PROVIDED DATA section start

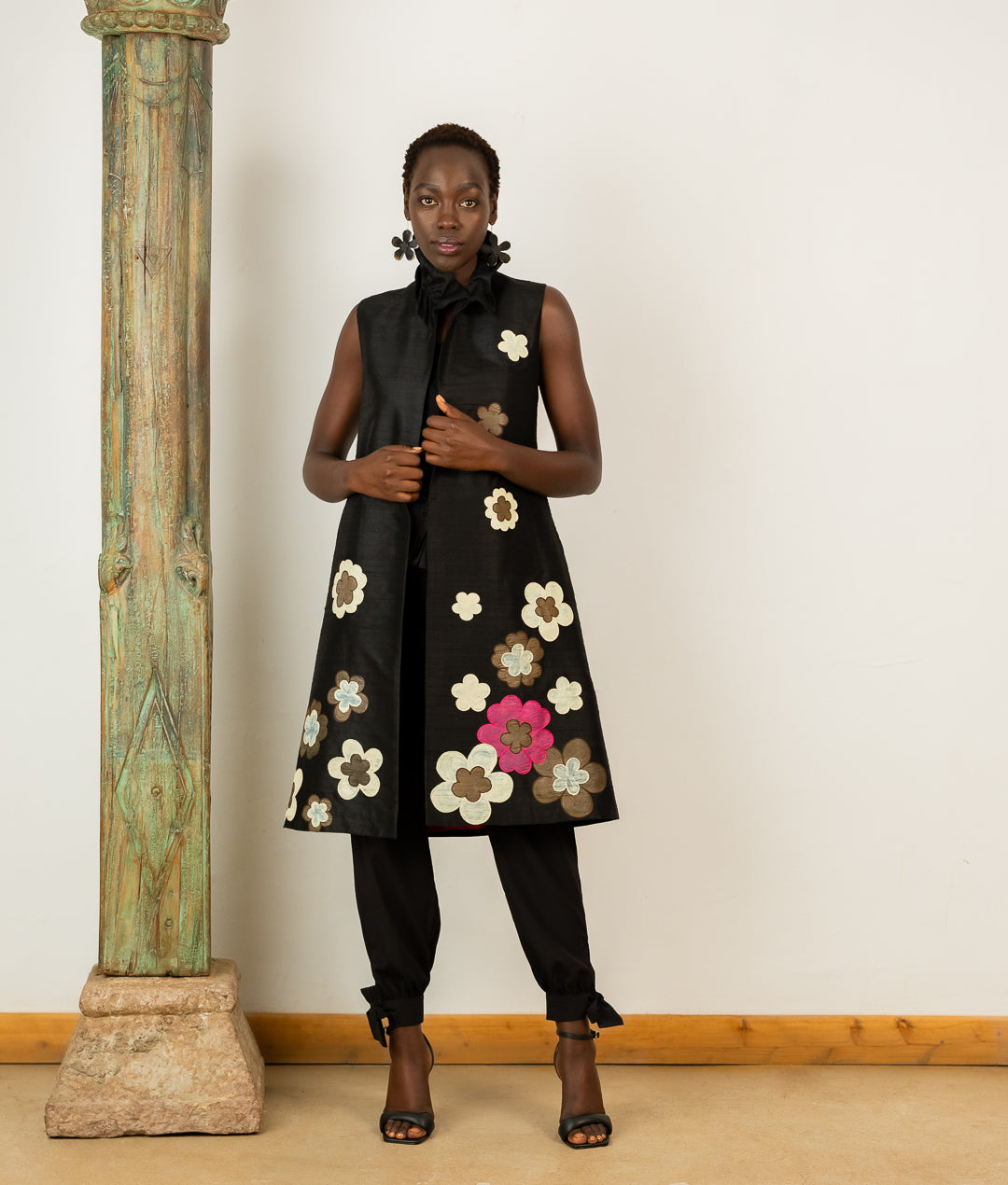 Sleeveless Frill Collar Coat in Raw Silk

PROVIDED DATA section end
PROVIDED DATA section start

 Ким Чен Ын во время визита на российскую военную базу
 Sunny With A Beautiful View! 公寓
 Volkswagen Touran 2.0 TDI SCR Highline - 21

PROVIDED DATA section end
PROVIDED DATA section start

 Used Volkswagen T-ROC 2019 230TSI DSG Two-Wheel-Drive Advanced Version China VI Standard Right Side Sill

PROVIDED DATA section end

Exactly how many lines of the listing hold the word "Volkswagen"? Give the number with nothing else.

2